◆ WHAT TO WORK ON: Bring together all lines from the listing below that contain the string "Photo".

◆ EXTRACTED ENTRIES:
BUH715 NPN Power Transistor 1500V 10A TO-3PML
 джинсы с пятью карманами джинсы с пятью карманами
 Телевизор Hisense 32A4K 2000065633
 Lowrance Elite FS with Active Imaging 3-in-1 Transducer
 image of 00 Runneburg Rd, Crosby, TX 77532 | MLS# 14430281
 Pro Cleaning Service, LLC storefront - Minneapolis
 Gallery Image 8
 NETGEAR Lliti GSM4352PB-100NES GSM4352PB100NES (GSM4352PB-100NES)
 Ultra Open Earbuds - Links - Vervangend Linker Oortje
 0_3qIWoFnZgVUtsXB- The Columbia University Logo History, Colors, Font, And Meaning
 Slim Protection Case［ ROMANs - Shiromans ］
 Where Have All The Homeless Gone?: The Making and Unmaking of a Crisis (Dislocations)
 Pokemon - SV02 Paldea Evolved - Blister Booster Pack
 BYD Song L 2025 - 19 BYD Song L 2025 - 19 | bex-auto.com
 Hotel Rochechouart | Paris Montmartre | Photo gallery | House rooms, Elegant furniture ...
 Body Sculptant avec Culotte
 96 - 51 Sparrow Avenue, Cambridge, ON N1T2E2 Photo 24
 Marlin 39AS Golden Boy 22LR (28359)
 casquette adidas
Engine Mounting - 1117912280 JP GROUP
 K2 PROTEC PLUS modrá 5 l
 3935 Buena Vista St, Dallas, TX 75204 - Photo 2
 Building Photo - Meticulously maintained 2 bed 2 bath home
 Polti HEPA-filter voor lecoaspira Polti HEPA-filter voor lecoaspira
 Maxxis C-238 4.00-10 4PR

◆ TASK SOLUTION:
 Hotel Rochechouart | Paris Montmartre | Photo gallery | House rooms, Elegant furniture ...
 96 - 51 Sparrow Avenue, Cambridge, ON N1T2E2 Photo 24
 3935 Buena Vista St, Dallas, TX 75204 - Photo 2
 Building Photo - Meticulously maintained 2 bed 2 bath home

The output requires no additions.